[Stored dataset items]

_ _ _ _ _

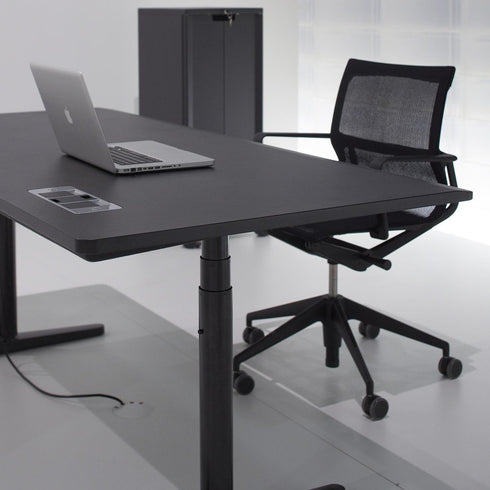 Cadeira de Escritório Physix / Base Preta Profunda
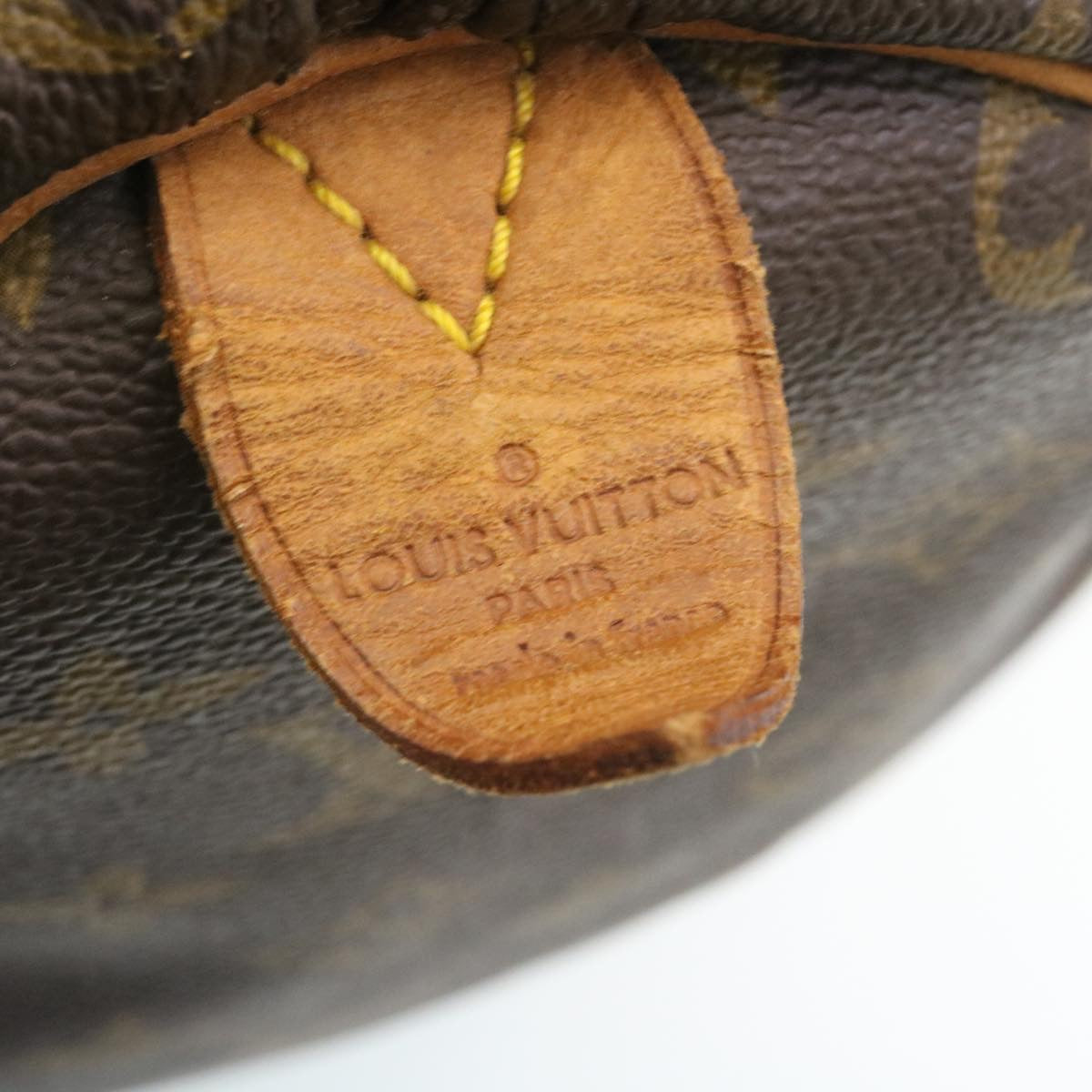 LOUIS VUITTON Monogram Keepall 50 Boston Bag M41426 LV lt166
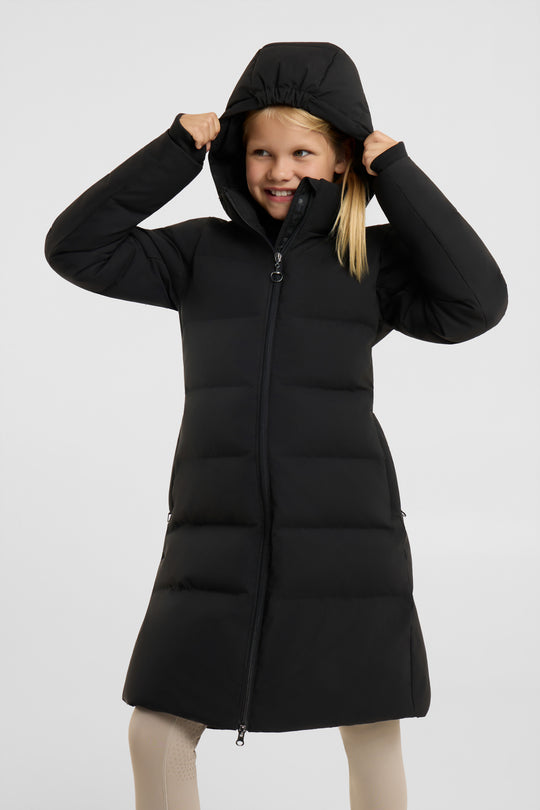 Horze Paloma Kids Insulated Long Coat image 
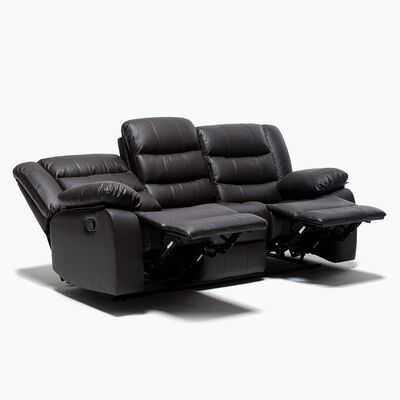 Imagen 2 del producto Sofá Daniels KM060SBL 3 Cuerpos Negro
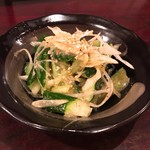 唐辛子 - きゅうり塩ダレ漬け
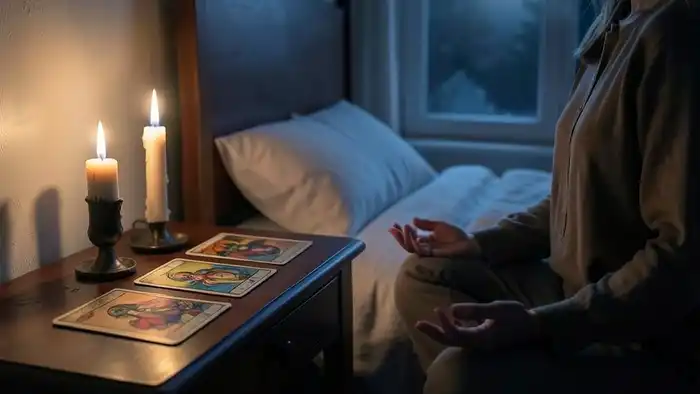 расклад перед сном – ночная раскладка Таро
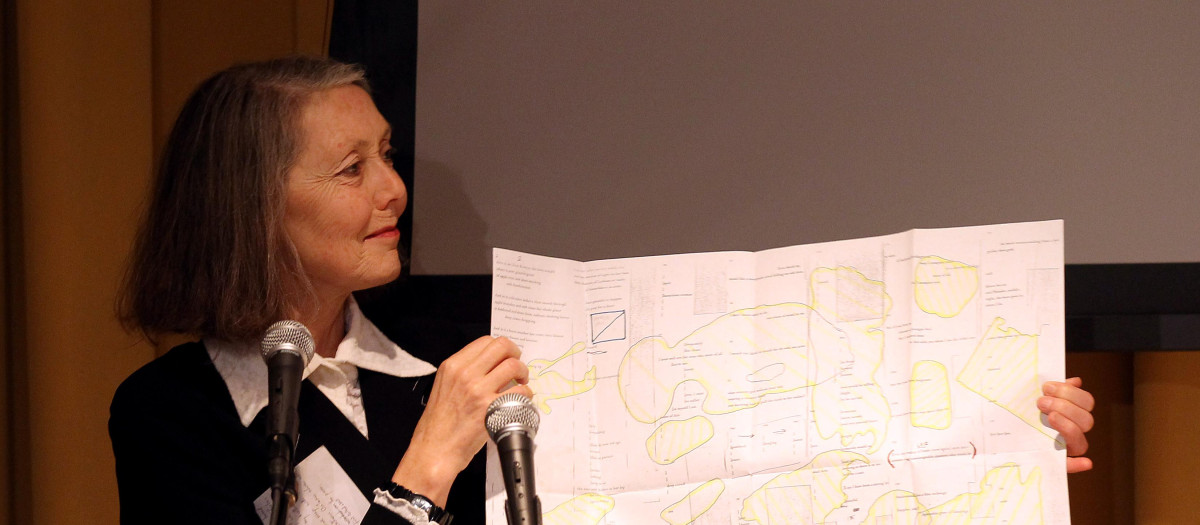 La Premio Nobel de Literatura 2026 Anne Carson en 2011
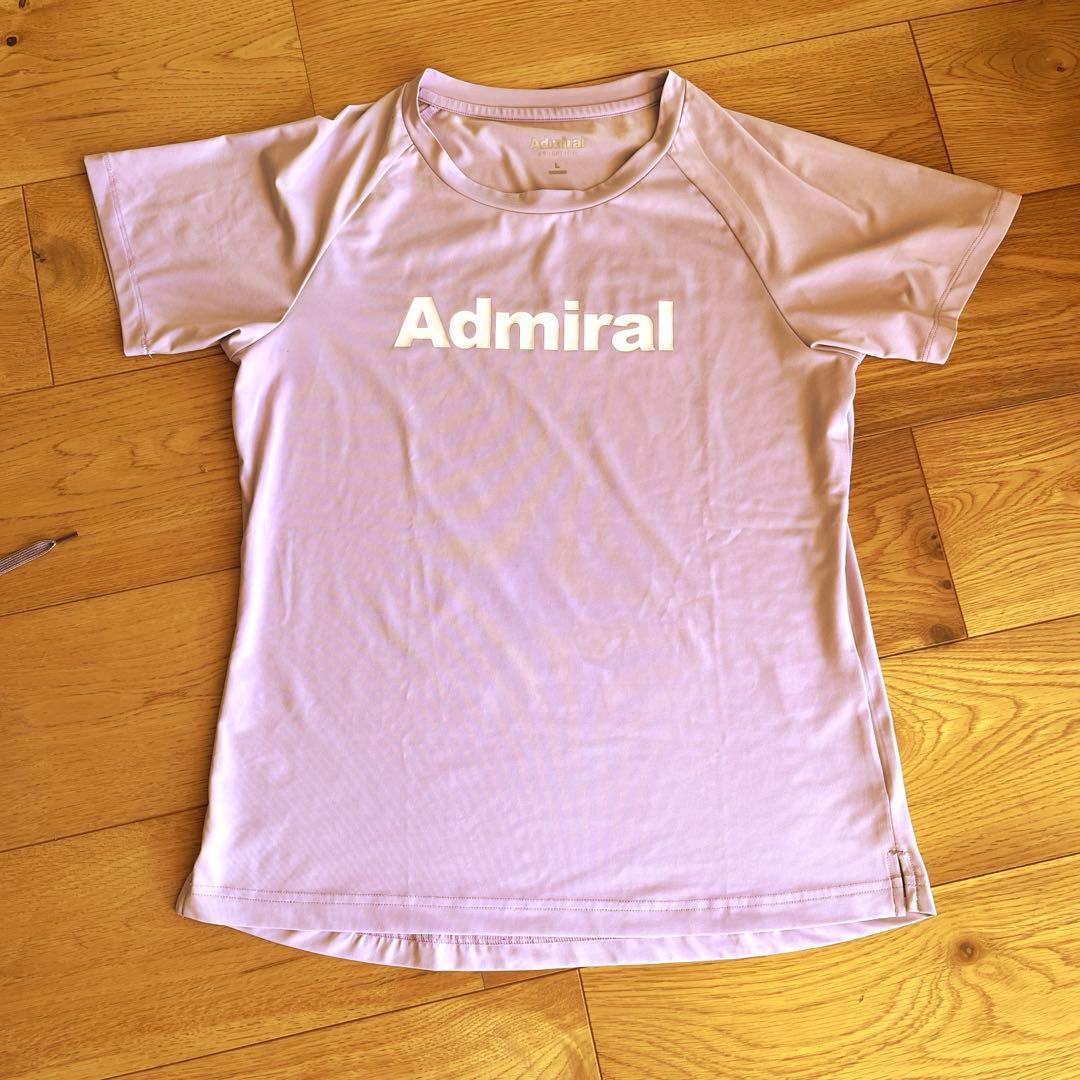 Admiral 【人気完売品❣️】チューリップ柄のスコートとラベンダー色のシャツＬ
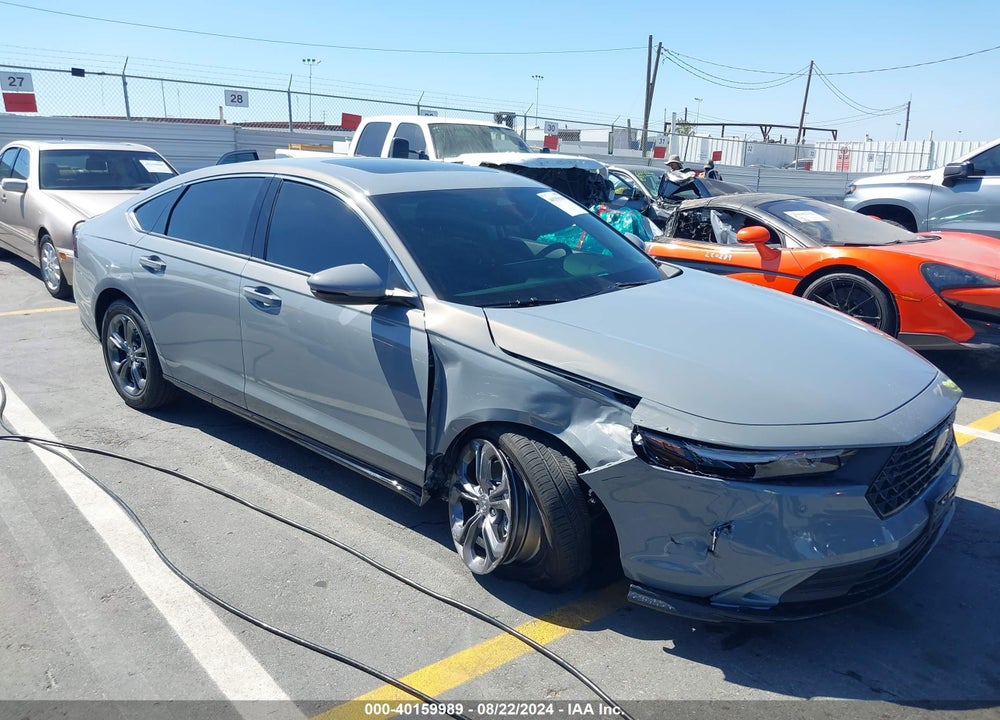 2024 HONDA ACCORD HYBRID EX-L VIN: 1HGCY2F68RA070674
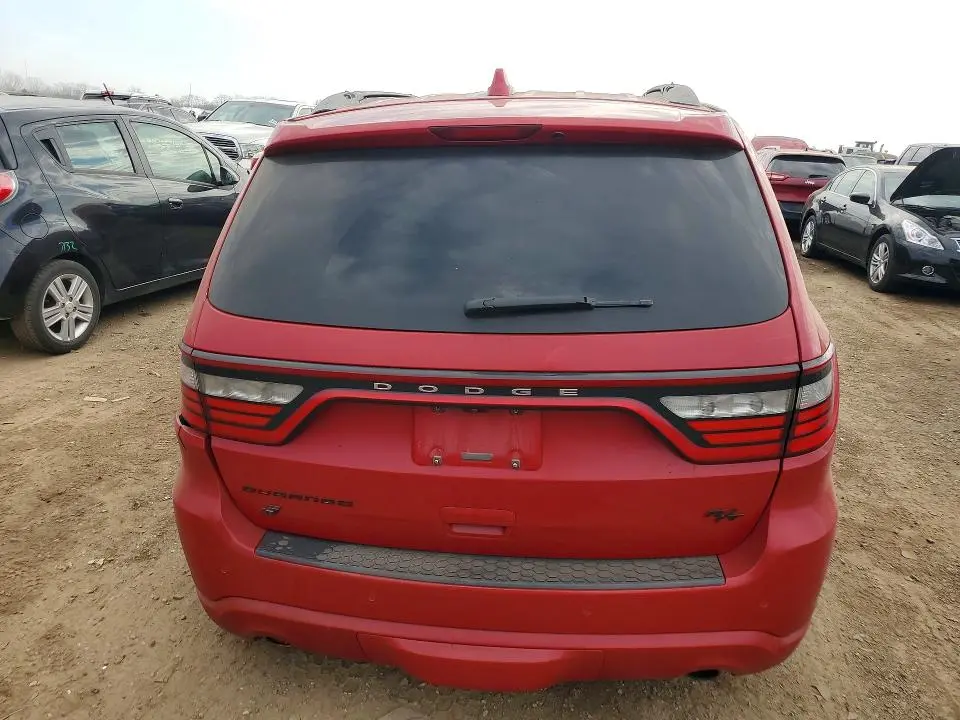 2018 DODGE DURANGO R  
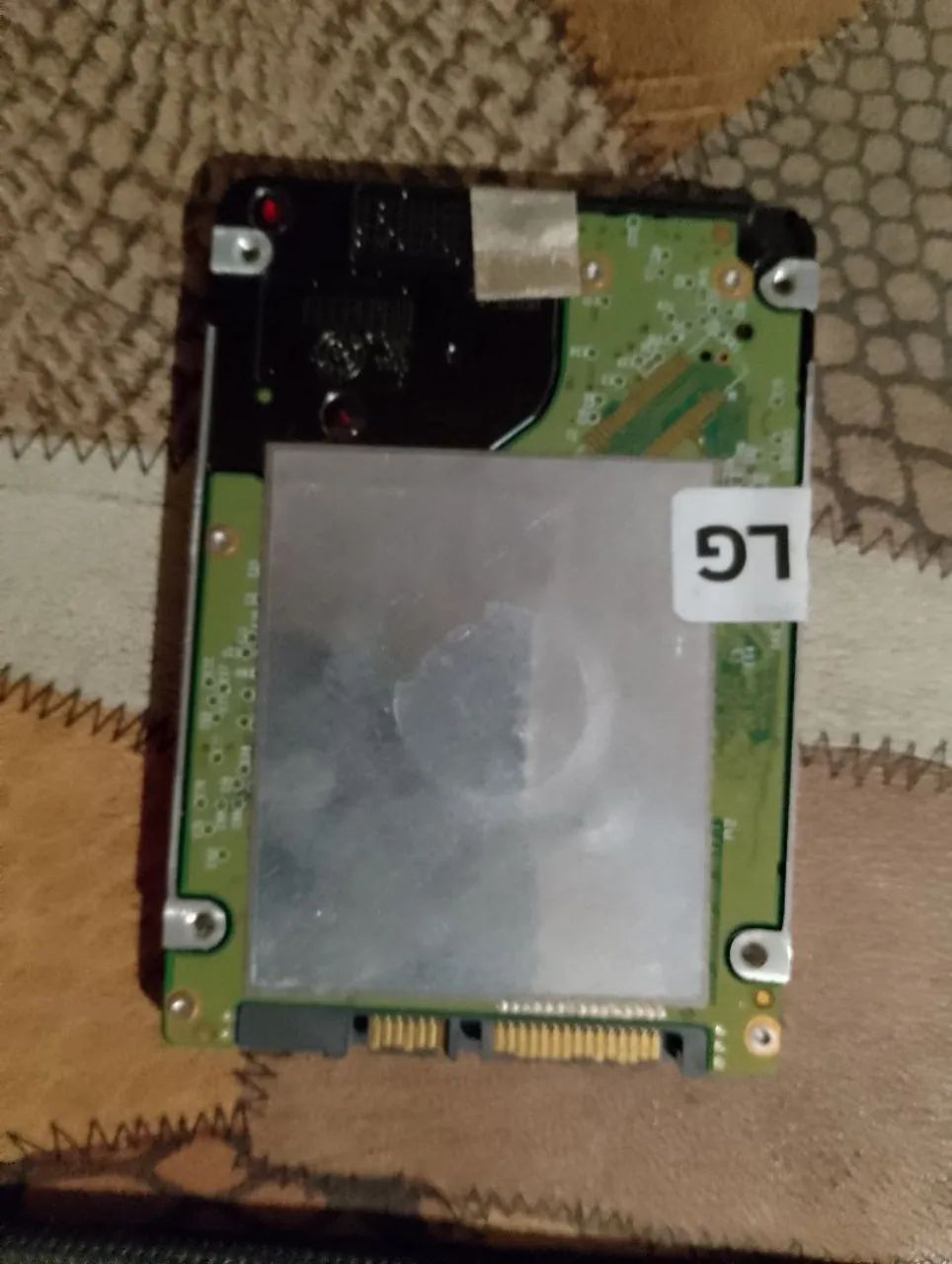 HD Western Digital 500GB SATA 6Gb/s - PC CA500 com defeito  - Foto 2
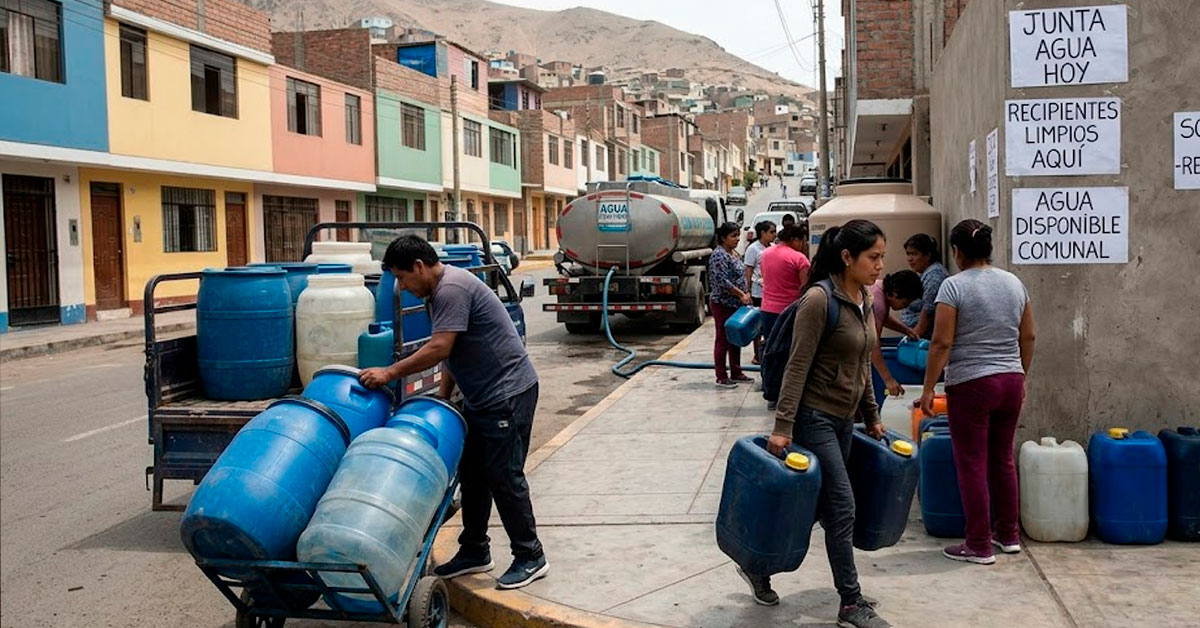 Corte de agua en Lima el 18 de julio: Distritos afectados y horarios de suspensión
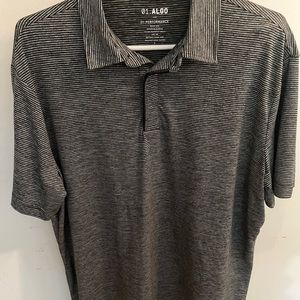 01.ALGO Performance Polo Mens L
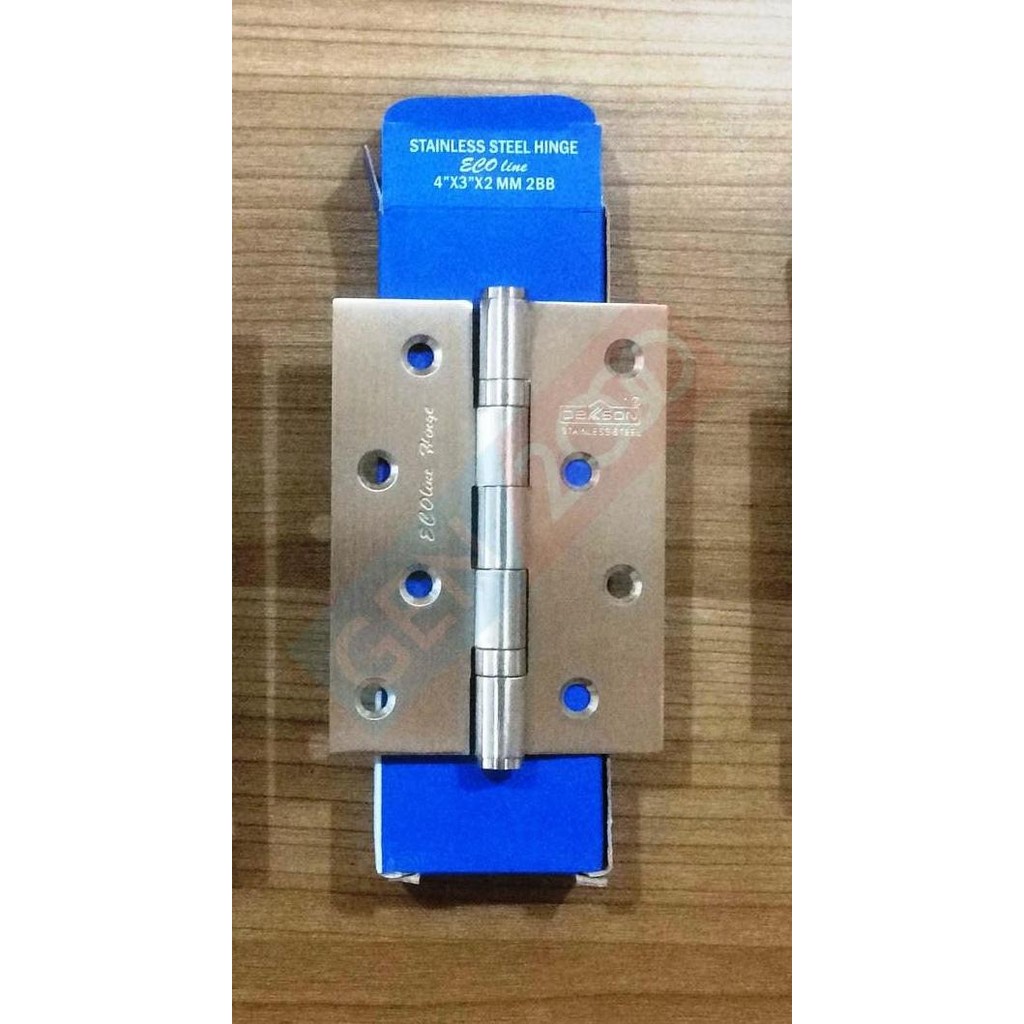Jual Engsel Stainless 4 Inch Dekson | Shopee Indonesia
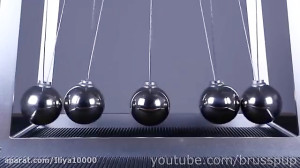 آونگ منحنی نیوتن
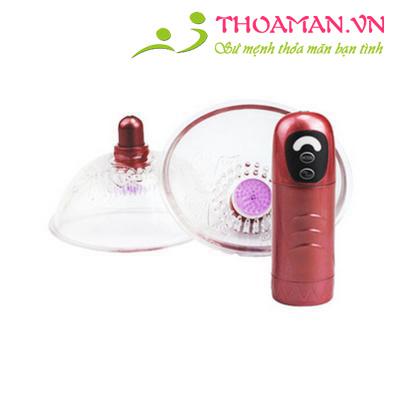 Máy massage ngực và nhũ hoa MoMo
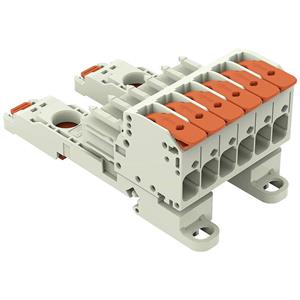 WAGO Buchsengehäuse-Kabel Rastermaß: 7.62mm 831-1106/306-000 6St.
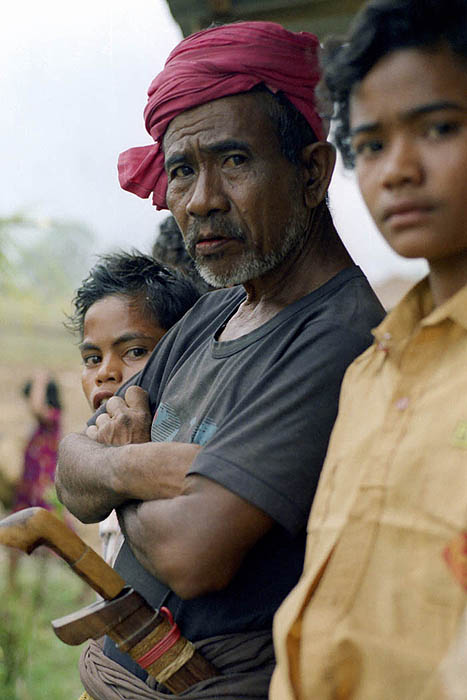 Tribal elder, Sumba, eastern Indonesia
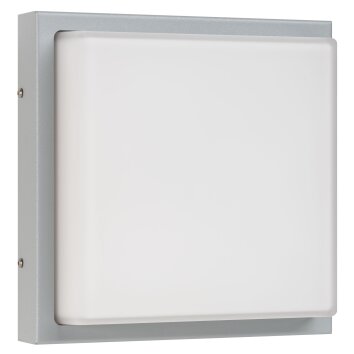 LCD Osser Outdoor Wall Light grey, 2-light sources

_ _ _ _ _

WHAT NEEDS TO BE DONE → When the line containing "WAGO Buchsengehäuse-Kabel Rastermaß: 7.62mm" is reached, write out that line and each one after it exactly, ending with the last line of the records; pictures are not copied.

SOLUTION FOR THIS TASK →
 WAGO Buchsengehäuse-Kabel Rastermaß: 7.62mm 831-1106/306-000 6St.
 Tribal elder, Sumba, eastern Indonesia
 LCD Osser Outdoor Wall Light grey, 2-light sources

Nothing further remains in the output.